Nope, the new fiber will be high dispersion compared to the old fiber and also will not have dispersion compensation along its length. The old cable was designed for OOK signaling. Previously optical signaling was 1 bit per symbol OOK (on-off-keying) and direct detection meaning you did not have any optical phase information to make dispersion corrections so the dispersion compensation was done in a specially designed fiber with the opposite sign slope for dispersion (DCF).

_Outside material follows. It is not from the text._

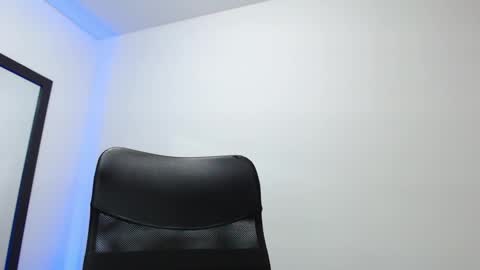 Snapshot of walter_brownn01 chatting on 01/21/25, 02:22 WALTER BROWN  online show from 01/21/25, 02:22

This fiber was also relatively high loss and has a narrower core which leads to higher nonlinearities in the link. The old cable tries to keep the dispersion within the range that OOK technologies can operate error-free (post FEC) so there's a lot of it typical at each repeater (EDFA). The newer coherent optical technology can transmit multiple bits per symbol (BPSK, QPSK) by encoding the bits in the optical phase. Since the phase is recovered at the receiver the dispersion accumulated in the fiber can be undone in DSP with a long enough FIR filter. So the need for dispersion compensation is gone with coherent optical. Taking out the DCF also reduces loss along the link reducing EDFA (amplifier) count and increasing spacing. Also nonlinear penalties on the newer higher dispersion fiber are lower which improves something called cycle slips that can punch through the FEC and cause you to take post-FEC errors.
The net result is that you should be able to transmit QPSK at 32GBd in 2 polarizations in maybe 80 waves in each direction.
2bits x 2 polarizations x 32G ~128Gb/s per wave or nearly 11Tb/s for 1 fiber. If this cable has 6 strands, then it could easily meet the target transmission capacity.